[Given data]
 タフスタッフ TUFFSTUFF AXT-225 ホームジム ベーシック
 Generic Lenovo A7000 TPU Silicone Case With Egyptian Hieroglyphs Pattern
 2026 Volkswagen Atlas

[Task] Repeat every line of the data verbatim.

[Your response]
 タフスタッフ TUFFSTUFF AXT-225 ホームジム ベーシック
 Generic Lenovo A7000 TPU Silicone Case With Egyptian Hieroglyphs Pattern
 2026 Volkswagen Atlas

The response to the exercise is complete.